如何构建正则表达式来查找以\\ n和字母开头以及以数字或单词结尾的单词?

[英]How to build regex for finding words that start with `\n` and letter and end with digit OR word?

Here's an example of string, spacing after digit could be different. 这是一个字符串示例,数字后的空格可能不同。

product_list = 'Buy:\n Milk \nYoughurt 4 \nBread  \nSausages 4     \nBanana '

I want to build a regexp with the following output: 我想用以下输出构建一个正则表达式:

import re

re.findall(r'some pattern', product_list)
['Milk', 'Youghurt 4', 'Bread', 'Sausages 4', 'Banana']

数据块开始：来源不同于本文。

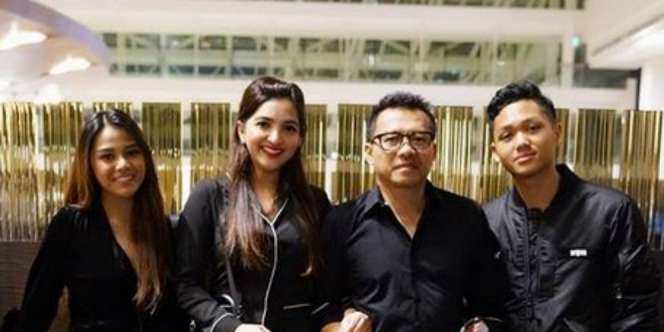 Gaya Hitam Elegan Keluarga Anang Hermansyah di Singapura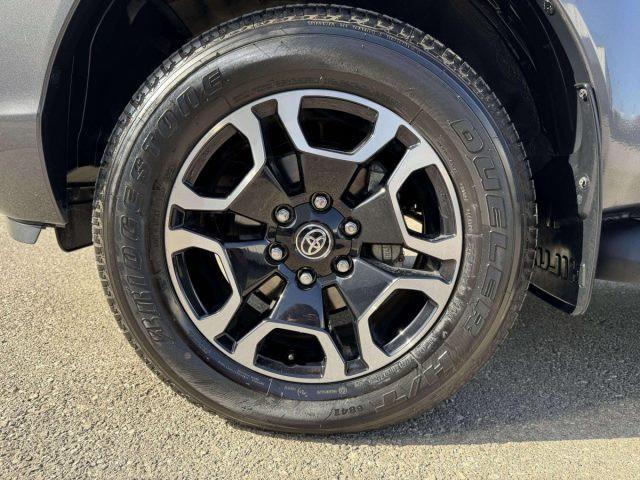 TOYOTA Hilux 2.8 D-4D A/T 4WD 4 PORTE DOUBLE CAB EXECUTIVE AUTO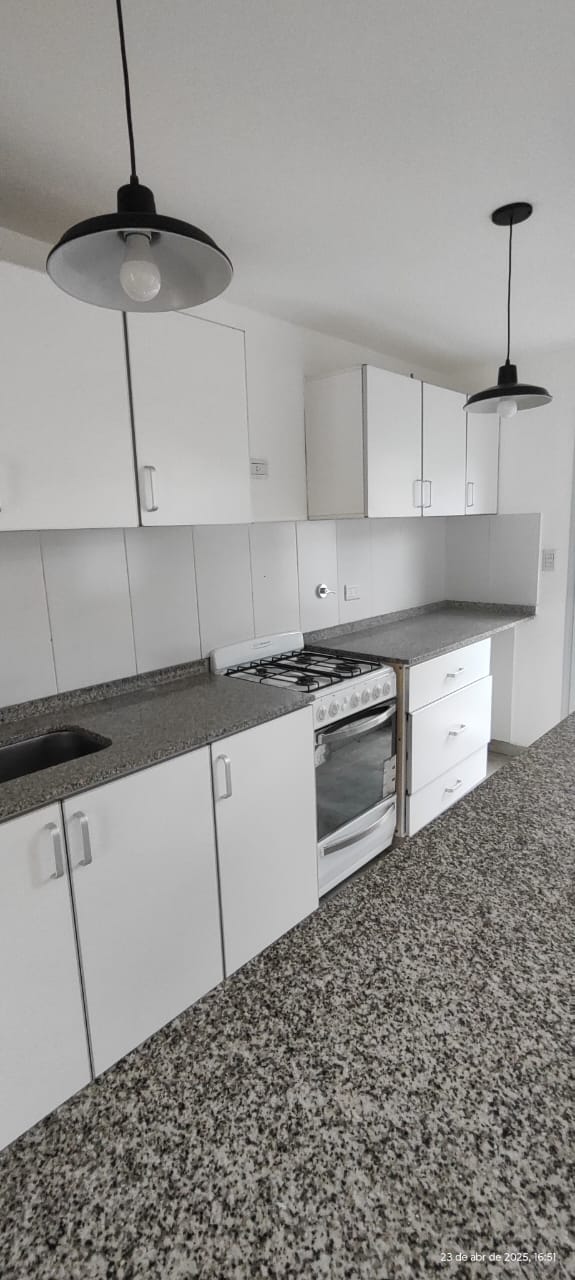 Nueva Cba - Av Pueyrredon 290 - Depto en alquiler amoblado - 1d1b Amplio Balcón terraza!!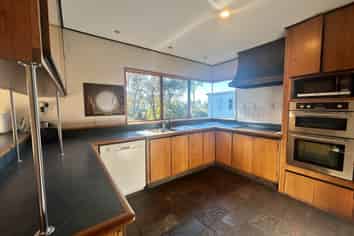 10 Whitby Crescent, Mairangi Bay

This is what I thought it should look like. 这就是我认为的样子。 However, it returns empty list: 但是,它返回空列表:

re.findall(r'\n(\w+\w$))', product_list)

The approach of the below script is to first strip off the leading term:\\n in this case Buy:\\n . 以下脚本的方法是首先删除开头的term:\\n在这种情况下为Buy:\\n Then, we use re.findall with the following pattern to find all matches: 然后,将re.findall与以下模式结合使用以查找所有匹配项:

(.+?)\s*(?:\n|$)

This says to capture anything up until the first optional whitespace character, which is then followed by a newline, or the end of the string. 这表示要捕获直到第一个可选的空白字符为止的所有内容,然后再跟换行符或字符串的末尾。

product_list = 'Buy:\n Milk \nYoughurt 4 \nBread  \nSausages 4     \nBanana '
product_list = re.sub(r'^[^\s]*\s+', '', product_list)

matches = re.findall(r'(.+?)\s*(?:\n|$)', product_list)
print(matches)

['Milk', 'Youghurt 4', 'Bread', 'Sausages 4', 'Banana']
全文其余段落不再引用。